Campi nomadi: discriminazione razziale del ghetto all’italiana

Lo 0.2% della popolazione del nostro paese è di etnia Rom. Di queste 110,000-170,000 persone, solamente il 20% vive nei cosiddetti campi nomadi. Esperienza unica in Europa, nei campi vivono tra le 20,000 e le 30,000 persone, di cui 10,000 solamente a Roma. Impropriamente detti nomadi, questi luoghi sono di fatto ghetti su base etnica dove vivono in prevalenza Rom italiani, Rom profughi dalla Bosnia e Serbia e Rom romeni. La maggior parte di loro non ha mai conosciuto il nomadismo, stile di vita che riguarda prevalentemente i Rom Sinti italiani e che è quasi scomparso a causa dello sviluppo dei trasporti che rendono possibile spostarsi velocemente mantenendo una dimora fissa anche per quei mestieri tradizionalmente itineranti, comunque in rapidissimo declino per lo sviluppo tecnologico ed economico degli ultimi 80 anni.

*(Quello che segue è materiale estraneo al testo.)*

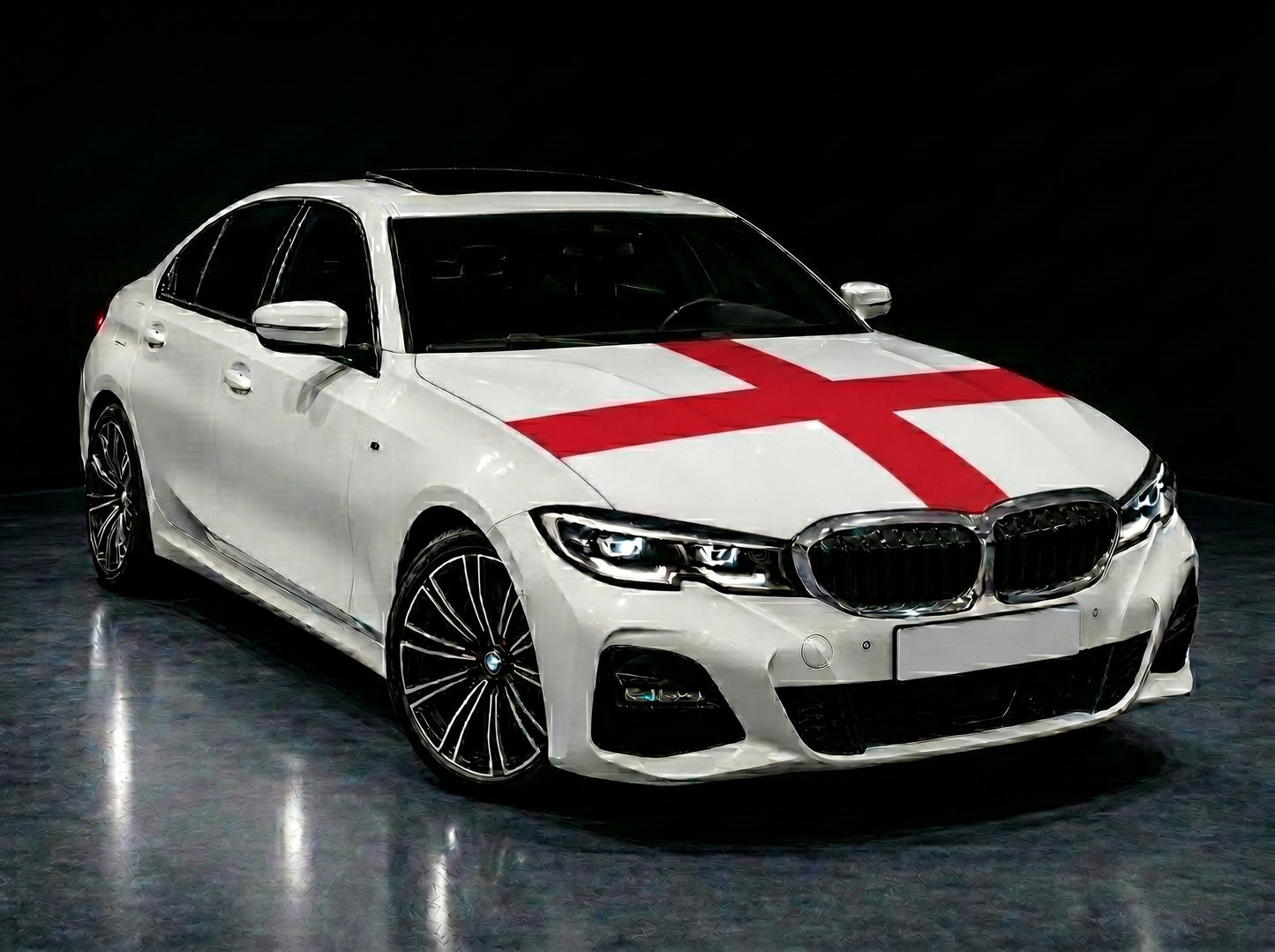Motorhaubenflagge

Con la pseudo-giustificazione culturale, falsa, del nomadismo sono quindi stati creati questi campi, nel quale una miriade di persone con culture, storie, famiglie, identità differenti è costretta a convivere per il solo fatto di appartenere ad un’etnia comune, che si compone in realtà di moltissimi gruppi eterogenei tra loro, tanto che per molti romanì parlare di etnia rom è semplicistico, riduttivo, inappropriato. I diversi gruppi nazionali infatti all’interno dei campi vivono spesso in aree differenti quasi separate da un muro invisibile. Mentre chi è arrivato dall’estero anche più di 30 anni fa, si riconoscerebbe spesso più nel proprio paese di origine che nella propria etnia, in particolare se si proviene da Paesi ex-comunisti, i figli e nipoti di questi sono costretti dal campo a riconoscersi come nomadi, anche se dal campo non si sono mai mossi, e come rom, e non come italiani, gruppo al quale apparterrebbero di diritto.

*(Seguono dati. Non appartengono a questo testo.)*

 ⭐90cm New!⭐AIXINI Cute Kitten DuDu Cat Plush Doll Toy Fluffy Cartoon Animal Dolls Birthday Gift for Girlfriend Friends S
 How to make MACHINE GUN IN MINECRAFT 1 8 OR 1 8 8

I campi hanno condizioni igienico-sanitarie pessime, ospitano container familiari di pochi metri quadri, sono lontani dai centri abitati ed il trasporto pubblico è quasi inesistente. Tali condizioni di degrado favoriscono l’emergere di una sub-cultura del campo, che si permea di illegalità diffusa e che, pur non riguardando la totalità degli abitanti dei campi, finisce per definirli tutti a livello identitario. Chi è povero non riesce ad uscire dal ghetto, complice il razzismo che non permette di trovare lavoro né tantomeno di affittare una casa. Chi invece vuole rimanervi o lo fa per interessi personali, potendosi dedicare ad attività illecite in luoghi che strutturalmente favoriscono l’emersione e la diffusione nonché l’impunità dell’illegalità, o semplicemente “non riescono” ad uscirne a livello psicologico. La psicologia del ghetto è stata ed è tuttora ampiamente studiata da sociologi e psicologi, ed è nei campi nomadi nomadi più viva che mai. La percezione del campo come ambiente sicuro, ovattato, protetto rispetto al mondo esterno popolato da gagé, i non rom, prevenuti e diversi, fa sì che la lotta per uscire dal ghetto non sia così tenace. Eppure quando la lotta riesce, la privacy e l’indipendenza conquistate fanno emergere nelle analisi delle famiglie che descrivono la loro esistenza precedente la realtà di ciò che è il campo. E quella realtà sembra una vita fa.